На Зубовской пересекаю Садовое, захожу в книжный магазин «Прогресс». Там на втором этаже есть отдел видеофильмов. Копаюсь среди детских и покупаю в подарок внучкам старые фильмы своего детства: «Пятнадцатилетний капитан», «Таинственный остров», «Дети капитана Гранта», «Остров сокровищ». Как же нам в детстве хотелось быть похожими на их храбрых, благородных героев! Конечно, внучки, привыкшие ко всяким там «Властелинам колец» и «Аватарам», вряд ли воспримут эти черно-белые, технически несовершенные фильмы так, как мы их воспринимали, но, может, хоть что-то западет им в душу, и в этом тоже будет «Весь я не умру…»
Сворачиваю в Первый Неопалимовский, пересекаю Плющиху и выхожу на Девичку. В МОЕ ВРЕМЯ на этом бульваре кое-где стояли изувеченные скамейки, а на неухоженном пятачке земли, на горке, стоял памятник Льву Толстому, тот, что перенесен теперь во двор музея на Пречистенке.
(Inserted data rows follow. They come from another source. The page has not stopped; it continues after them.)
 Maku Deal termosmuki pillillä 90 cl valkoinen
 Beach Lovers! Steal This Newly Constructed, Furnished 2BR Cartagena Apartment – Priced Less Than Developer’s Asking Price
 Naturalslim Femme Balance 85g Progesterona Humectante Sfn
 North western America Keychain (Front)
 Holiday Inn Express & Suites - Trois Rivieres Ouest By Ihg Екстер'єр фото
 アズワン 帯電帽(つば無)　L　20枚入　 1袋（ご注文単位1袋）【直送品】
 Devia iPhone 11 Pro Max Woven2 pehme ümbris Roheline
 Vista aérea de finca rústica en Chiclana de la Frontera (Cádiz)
Теперь тут плещет фонтан, дети играют на хорошо оборудованной площадке. Фигурные лавочки вдоль заасфальтированных аллей, урны, бордюры из низких кустиков. Но помнят меня только липы. Да и то самые старые. Может быть, вот эта, с темно-серым корявым стволом, видела, как моя няня Шура катала меня, пятилетнюю, тут зимой на санках.
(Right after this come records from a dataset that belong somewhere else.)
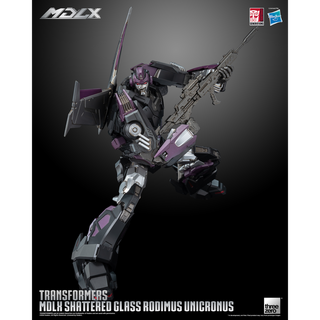 Transformers - MDLX Shattered Glass Rodimus Unicronus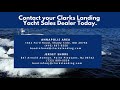 Flyer 9 SUNdeck Walkthrough - Clarks Landing Yacht Sales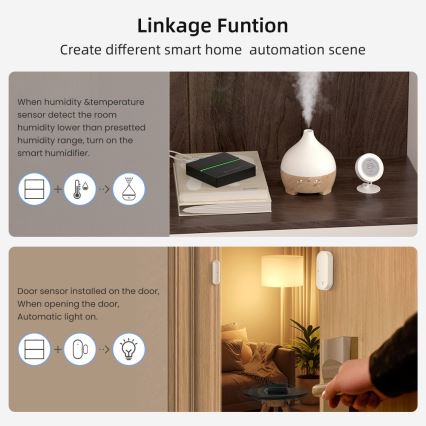 Immax NEO 07117-5 - Išmanusis MATTER tiltas Zigbee 3.0 230V Wi-Fi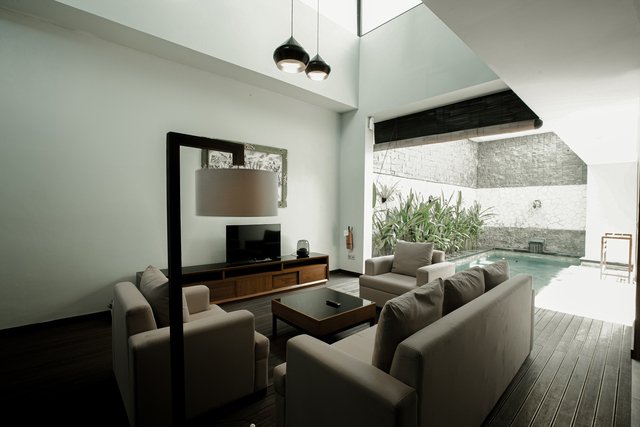Living Room Agranusa Villa Bali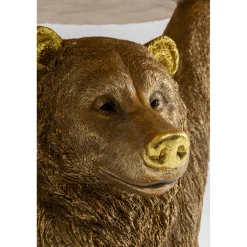 KARE Design Table D Appoint Animal Bear Dore 35X34Cm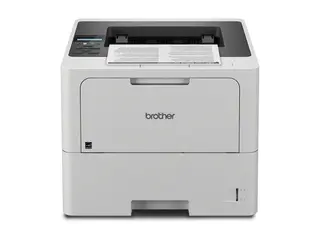 Brother HL-L6210DW - Skriver - S/H Dupleks - laser - A4/Legal - 1200 x 1200 dpi - inntil 50 spm - kapasitet: 620 ark - USB 2.0, Gigabit LAN, Wi-Fi(n)
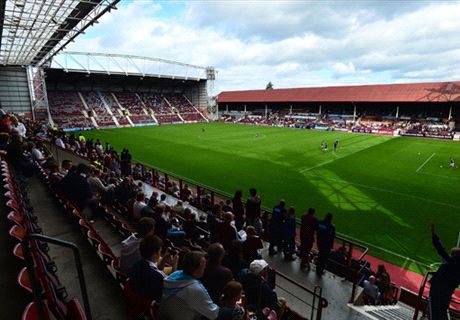 Hearts hit double figures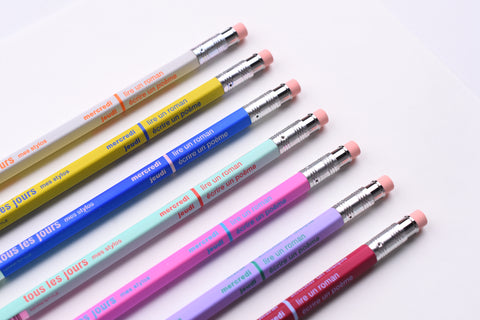 Colorful twist crayons – Yoseka Stationery
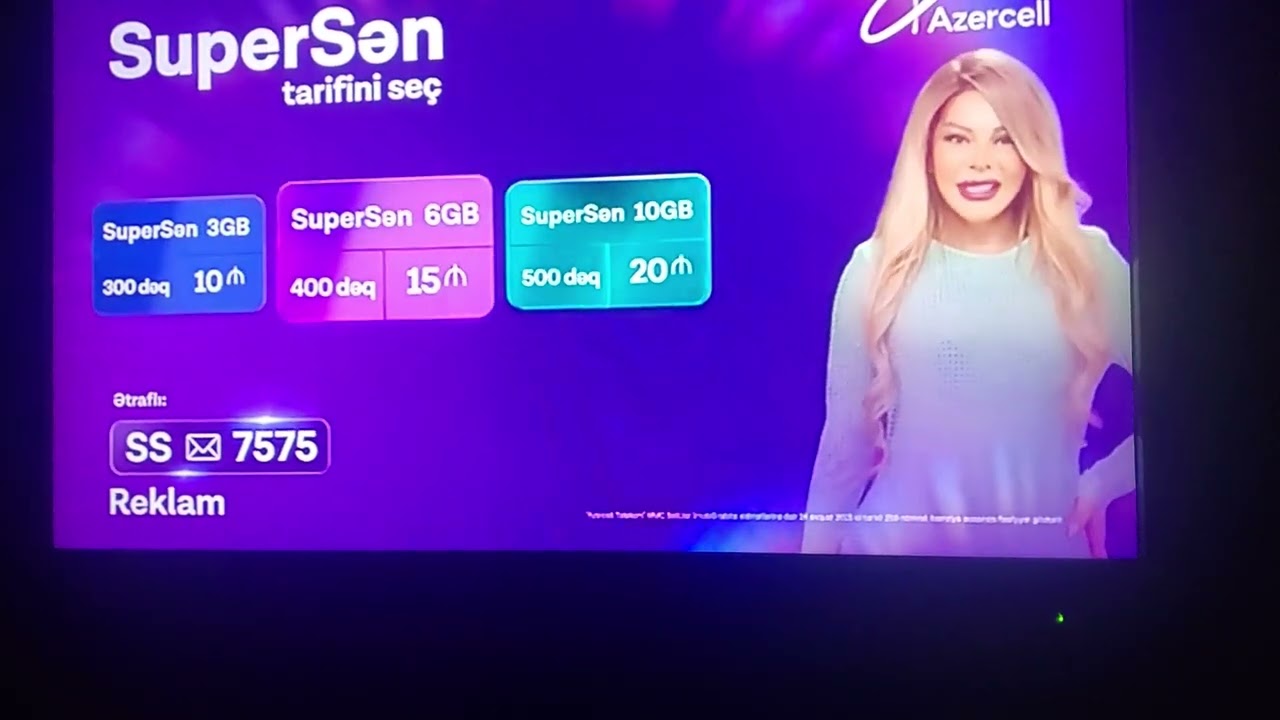 Xəzər TV Reklam broku, Anonslar və Əlavələr 20.08.2025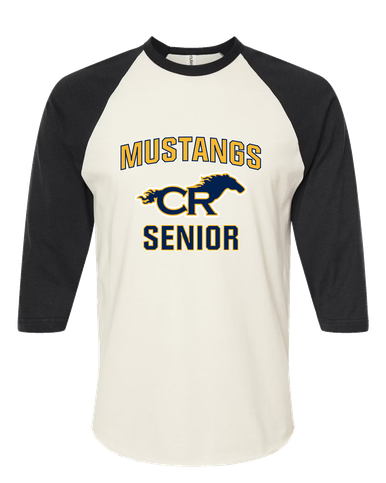 Cypress Ranch Mustangs Senior #1 Men's Baseball T-Shirt
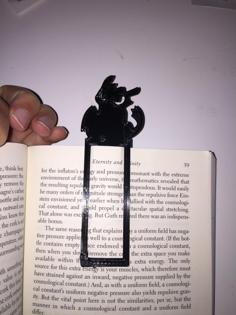 Toothless Night Fury Bookmark 3D Printer Model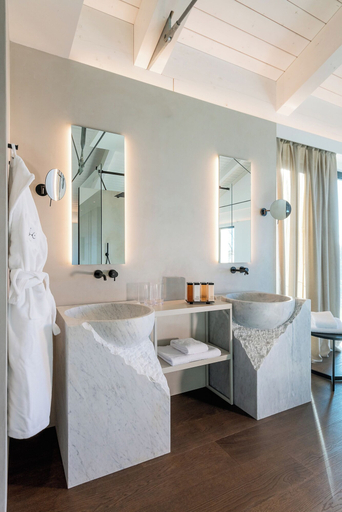 Bathroom 5, Le Cattedrali Relais by Laqua Collection, Asti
…Перехожу улицу Десятилетия Октября, иду вдоль стены Новодевичьего монастыря до ворот кладбища. От ворот — направо, туда, где аллея высоких каштанов ведет в старую часть кладбища. Тут, в старой части, похоронено множество деятелей культуры, среди них и артисты-вахтанговцы, те, кто жил в нашем доме, знал меня с детства и называл «Анечкой». В последние годы рядом с их именами появляется все больше имен моих сверстников. А сверстники моего старшего брата, его друзья — Юра Щукин, Вадик Русланов, Кирилл Рапопорт, Сережа Лобашков, Катя Синельникова, Жека Симонов — давно уже один за другим упокоились рядом со своими родителями. Последним два года назад ушел восьмидесятитрехлетний Леша Толчан.